[INPUT RECORDS]:
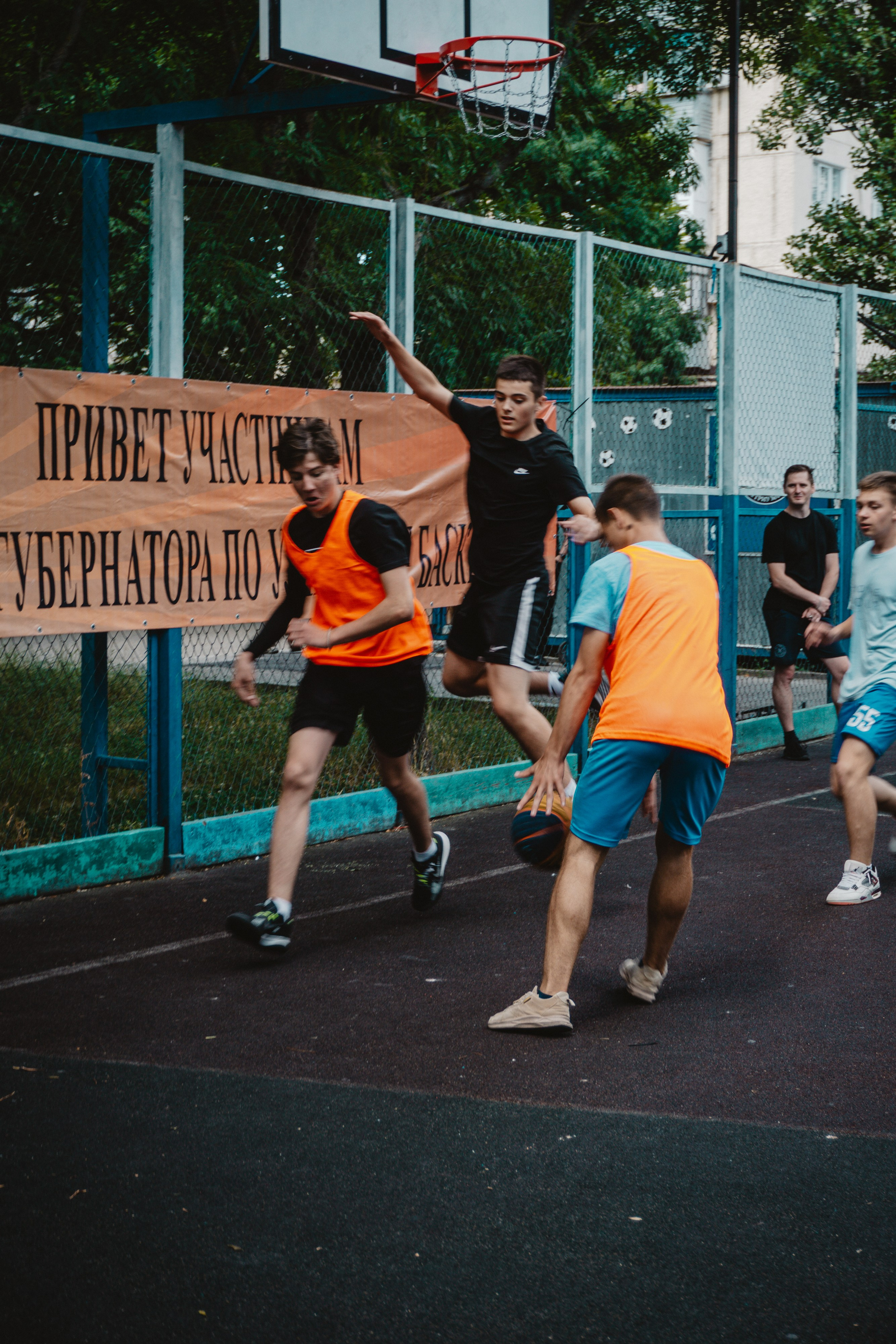 Баскетбол — дети. Фотограф в Новороссийске Алёна Сватко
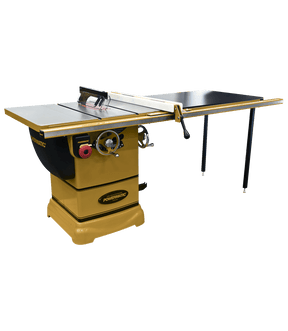 PM1000, 1-3/4HP 1PH Table Saw, w/ 52" Accu-Fence System Powermatic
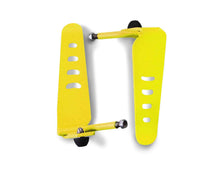 Steinjäger Exterior Accessories Wrangler TJ 1997-2006 Foot Pegs Neon Yellow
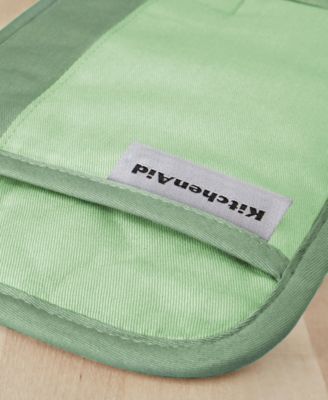 Beacon Two-Tone Pot Holder 2-Pack Set, 7" x 10"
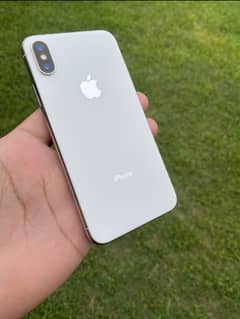 iphone x 256 gb pta approved 10/10 working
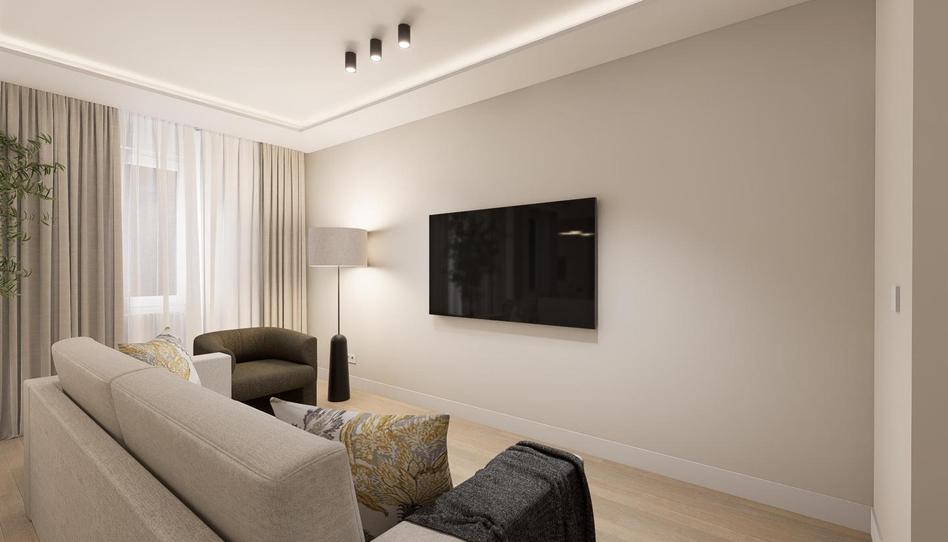 Foto 1 de Pis en venda a Sainz de Baranda, Niño Jesús, Madrid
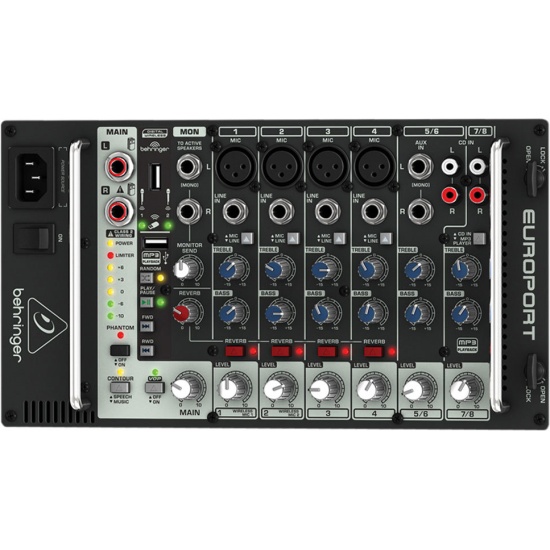 Behringer europort eps500mp3 схема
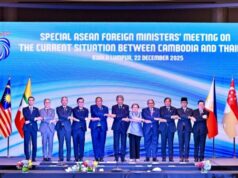 Não conseguindo chegar a um cessar-fogo, Tailândia-Camboja negociarão novamente, 24 de dezembro de 2025 Não conseguindo chegar a um cessar-fogo, Tailândia-Camboja negociarão novamente, 24 de dezembro de 2025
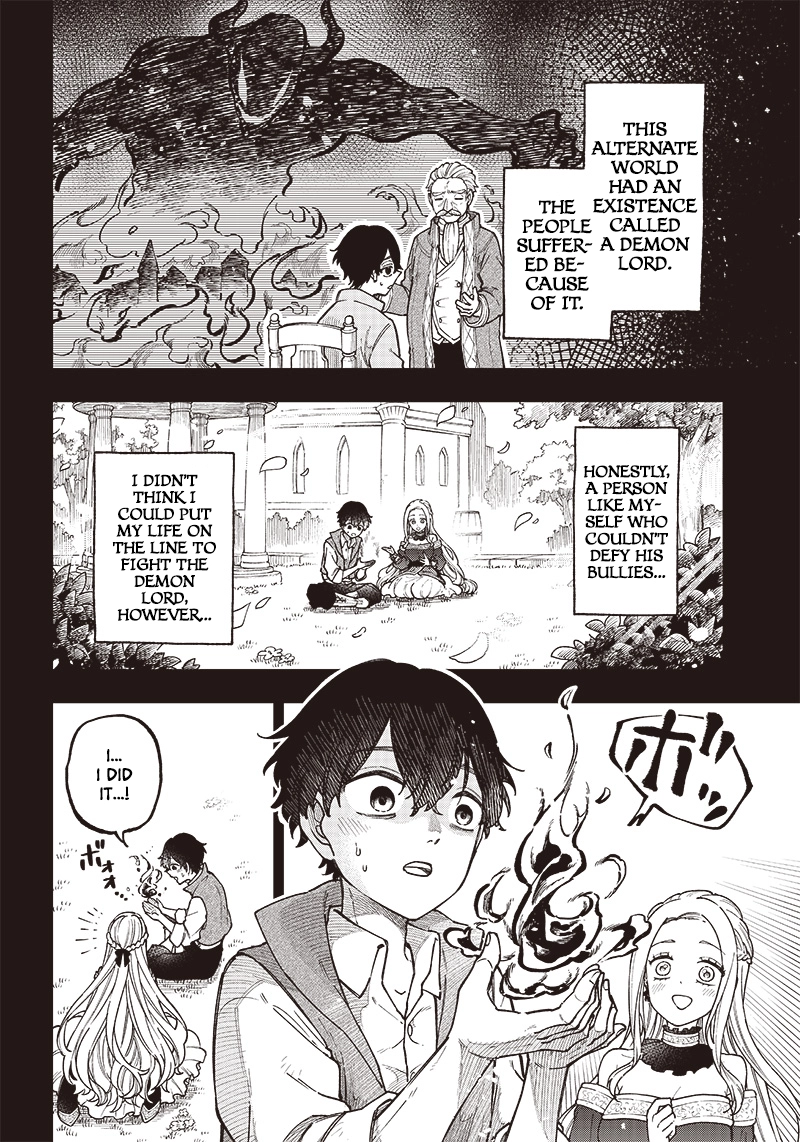 Kyuuseishu "Messiah" ~Isekai wo Sukutta Motoyuusha ga Mamono no Afureru Genjitsu Sekai wo Musou Suru~ Chapter 1 page 7 -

[WORK REQUEST]: The copy must reproduce the listing above verbatim and contain no pictures.

[EXERCISE RESPONSE]:
 Баскетбол — дети. Фотограф в Новороссийске Алёна Сватко
 PM1000, 1-3/4HP 1PH Table Saw, w/ 52" Accu-Fence System Powermatic
 Steinjäger Exterior Accessories Wrangler TJ 1997-2006 Foot Pegs Neon Yellow
 Beacon Two-Tone Pot Holder 2-Pack Set, 7" x 10"
 iphone x 256 gb pta approved 10/10 working
 Foto 1 de Pis en venda a Sainz de Baranda, Niño Jesús, Madrid
 Behringer europort eps500mp3 схема
 Não conseguindo chegar a um cessar-fogo, Tailândia-Camboja negociarão novamente, 24 de dezembro de 2025 Não conseguindo chegar a um cessar-fogo, Tailândia-Camboja negociarão novamente, 24 de dezembro de 2025
 Kyuuseishu "Messiah" ~Isekai wo Sukutta Motoyuusha ga Mamono no Afureru Genjitsu Sekai wo Musou Suru~ Chapter 1 page 7 -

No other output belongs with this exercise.